Thought everyone might like to see the many thoughts I received from some knowledgeable FAIA's, and this isn't all of them... Thanks for responding. What a great group.
Happy Holidays. Melinda Pearson, FAIA
Emeritus status has its benefits. All your benefits are basically the same except you don't have to pay dues. Registration fee for last years Convention was half price as emeritus and that was great. Hope it stays that way.
The Institute Bylaws were amended in 2017, by action at the national convention. Prior to that, a member could attain Emeritus status at 70 years of age or by petitioned exception. Now, an AIA member in good standing for a minimum of 15 years may apply for Emeritus status. I gained Emeritus status at 68, with 32 years of continuous membership.
Institute Bylaws -
2.3 MEMBERS EMERITUS
2.311 Architect Members. Any Architect member may apply for Emeritus status
who has been in good standing in the Institute for fifteen successive years
immediately prior to his or her application, and either (i) has attained the age of
70 and is retired from the profession of architecture, or (ii) is so incapacitated as
to be unable to work in the profession.
I think the minimum age for emeritus status is now 70 years old with 10 years continuous membership. Double check that.
When you change your membership in the AIA to Architect Emeritus, you keep the title Fellow and the initials FAIA. You will be registered as an Emeritus member and continue to receive the monthly AIA Architect magazine. The nice thing, after paying dues all these years to this wonderful organization, you pay no more dues. I suggest you call the AIA for details as there is an age limit.

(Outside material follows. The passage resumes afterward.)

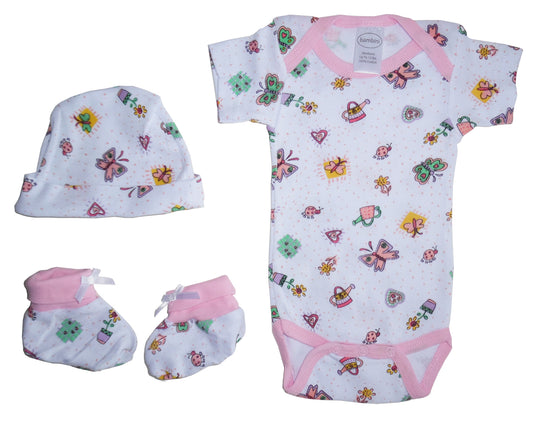Mädchen Baby-Body Set 3-teilig - Meloni2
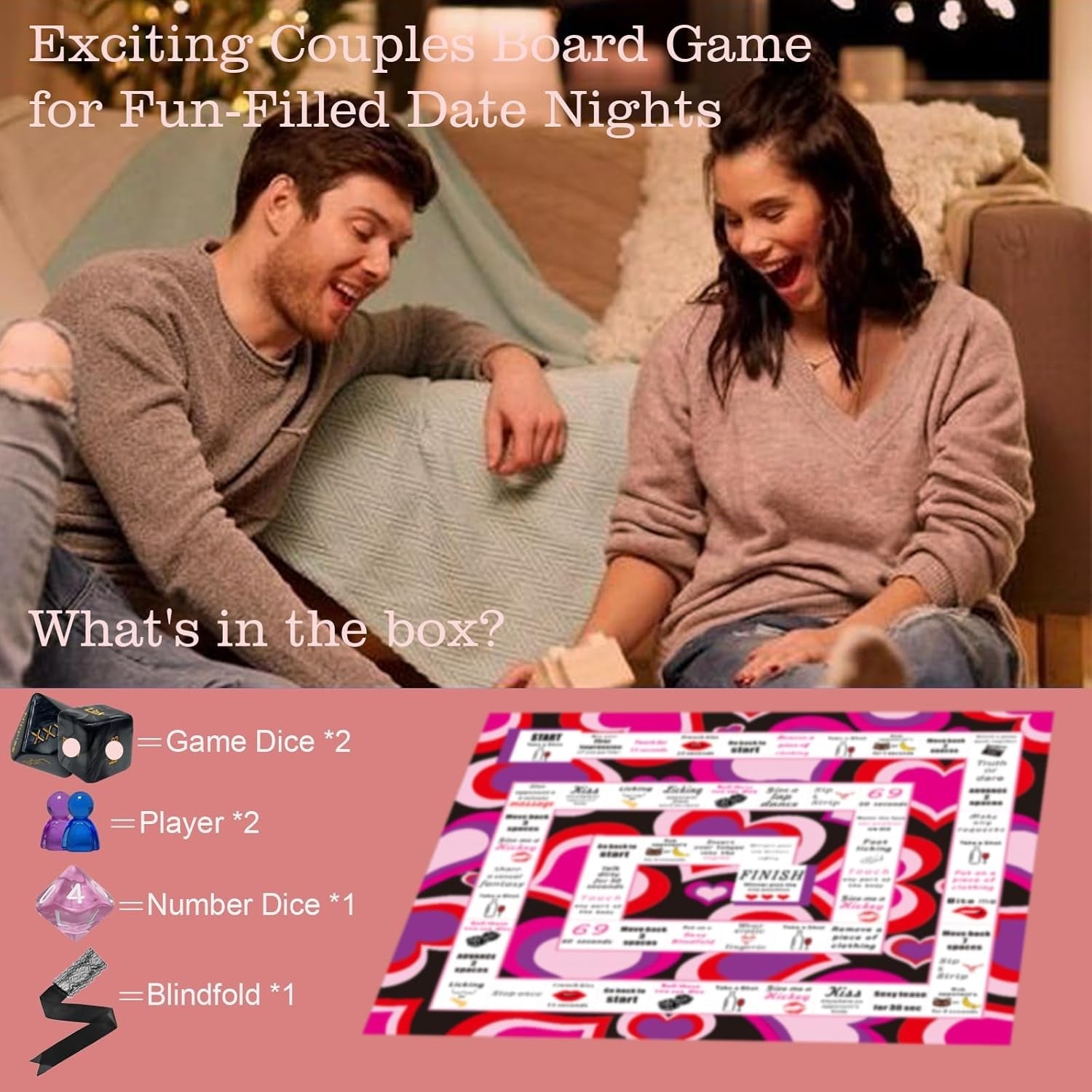 Intimate Couples Date Night Sexy Board Game - Vixen | Nova Network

Go to AIA.org, log in and your profile should be displayed. There is a box to update your personal info and you should be able to change your practice status to "retired". Don't retire from AIA because AIA treats us emeritus architects with great consideration. Once you are in retired status, annual renewal is automatic and free. You still get the magazine and other communications / opportunities per your interests. They even give a discount for convention fees.
You can go on "emeritus" status. All you have to do is notify your local chapter or national and tell them you are retiring. My local chapter in Seattle noticed my low membership number while I was still working and told me I could go on emeritus status. You don't have to pay dues anymore and you still get your free copy of Architect mag. I think they automatically reenroll me every year. You can also keep your fellowship designation and attend any conferences, conventions, etc that you want to if you want to stay somewhat engaged. I hope this helps.
You may apply for emeritus membership, through State and National if you are retired , emeritus membership continues and Fellowship is permanent.
I saw your question about maintaining FAIA after retirement.
I am no expert, but found this on AIA's site:
Any Architect/Associate member may apply for Emeritus status who has been in good standing in the Institute for fifteen successive years immediately prior to his or her application, and either (i) has attained the age of 70, and is retired from the profession of architecture.
I am retiring before I turn 70, so I am curious what you find out.
You can use the member designation FAIA Member Emeritus. New York has a link to the application: http://www.aianys.org/wp-content/uploads/2018/10/2019_architect_to_emeritus.pdf
You need to be at least 70 and retired to apply for Emeritus membership. I did it and no longer pay any AIA dues, although now willing to donate to various AIA funds.
Change your status to emeritus.
http://content.aia.org/sites/default/files/2019-07/Institute_Bylaws_revised_June_2019.pdf Check pages 9 and 10 of the AIA Bylaws regarding emeritus membership - link is above. Double check with your chapter executive director.
I retired from holding a current license, E&O insurance, and went Emeritus at the AIA. I still get all the benefits of the AIA and none of the liabilities of maintaining a license. You can - and should - still call yourself an architect. You have MORE than earned it. Contact your local AIA chapter to confirm all this.